◆ About this exercise:
From the entries below, retype only the lines from the one with "http://www.auberge-lagrangeajules.fr/html/images/bienvenue.gif" through the one with "2344x3177 Details Illustration, Clothing, Apparel, Sleeve", exactly as written.

Stored records

◇ ◇ ◇

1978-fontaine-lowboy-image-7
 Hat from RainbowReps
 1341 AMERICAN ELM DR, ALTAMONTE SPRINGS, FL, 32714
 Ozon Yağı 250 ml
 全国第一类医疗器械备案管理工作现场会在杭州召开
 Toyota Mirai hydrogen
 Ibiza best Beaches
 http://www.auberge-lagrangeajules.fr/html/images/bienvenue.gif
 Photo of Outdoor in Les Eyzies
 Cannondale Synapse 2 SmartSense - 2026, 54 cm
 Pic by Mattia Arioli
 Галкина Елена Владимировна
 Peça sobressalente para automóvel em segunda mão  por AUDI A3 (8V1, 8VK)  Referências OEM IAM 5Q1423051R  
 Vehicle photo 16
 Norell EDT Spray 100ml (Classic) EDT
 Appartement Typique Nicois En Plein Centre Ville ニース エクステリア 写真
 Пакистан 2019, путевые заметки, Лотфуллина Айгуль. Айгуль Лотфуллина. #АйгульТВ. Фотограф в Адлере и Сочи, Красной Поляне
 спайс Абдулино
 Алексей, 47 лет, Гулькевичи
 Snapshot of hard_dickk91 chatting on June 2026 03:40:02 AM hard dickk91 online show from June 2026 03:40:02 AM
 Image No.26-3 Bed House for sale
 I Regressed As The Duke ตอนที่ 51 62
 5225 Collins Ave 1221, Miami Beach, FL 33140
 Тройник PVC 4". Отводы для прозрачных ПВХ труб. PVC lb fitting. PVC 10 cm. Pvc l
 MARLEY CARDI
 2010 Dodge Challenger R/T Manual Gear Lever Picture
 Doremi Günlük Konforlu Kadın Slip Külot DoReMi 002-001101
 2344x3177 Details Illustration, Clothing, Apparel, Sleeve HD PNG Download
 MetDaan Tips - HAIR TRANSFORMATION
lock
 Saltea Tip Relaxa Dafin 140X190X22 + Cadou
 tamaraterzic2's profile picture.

◇ ◇ ◇

◆ Completed task:
 http://www.auberge-lagrangeajules.fr/html/images/bienvenue.gif
 Photo of Outdoor in Les Eyzies
 Cannondale Synapse 2 SmartSense - 2026, 54 cm
 Pic by Mattia Arioli
 Галкина Елена Владимировна
 Peça sobressalente para automóvel em segunda mão  por AUDI A3 (8V1, 8VK)  Referências OEM IAM 5Q1423051R  
 Vehicle photo 16
 Norell EDT Spray 100ml (Classic) EDT
 Appartement Typique Nicois En Plein Centre Ville ニース エクステリア 写真
 Пакистан 2019, путевые заметки, Лотфуллина Айгуль. Айгуль Лотфуллина. #АйгульТВ. Фотограф в Адлере и Сочи, Красной Поляне
 спайс Абдулино
 Алексей, 47 лет, Гулькевичи
 Snapshot of hard_dickk91 chatting on June 2026 03:40:02 AM hard dickk91 online show from June 2026 03:40:02 AM
 Image No.26-3 Bed House for sale
 I Regressed As The Duke ตอนที่ 51 62
 5225 Collins Ave 1221, Miami Beach, FL 33140
 Тройник PVC 4". Отводы для прозрачных ПВХ труб. PVC lb fitting. PVC 10 cm. Pvc l
 MARLEY CARDI
 2010 Dodge Challenger R/T Manual Gear Lever Picture
 Doremi Günlük Konforlu Kadın Slip Külot DoReMi 002-001101
 2344x3177 Details Illustration, Clothing, Apparel, Sleeve HD PNG Download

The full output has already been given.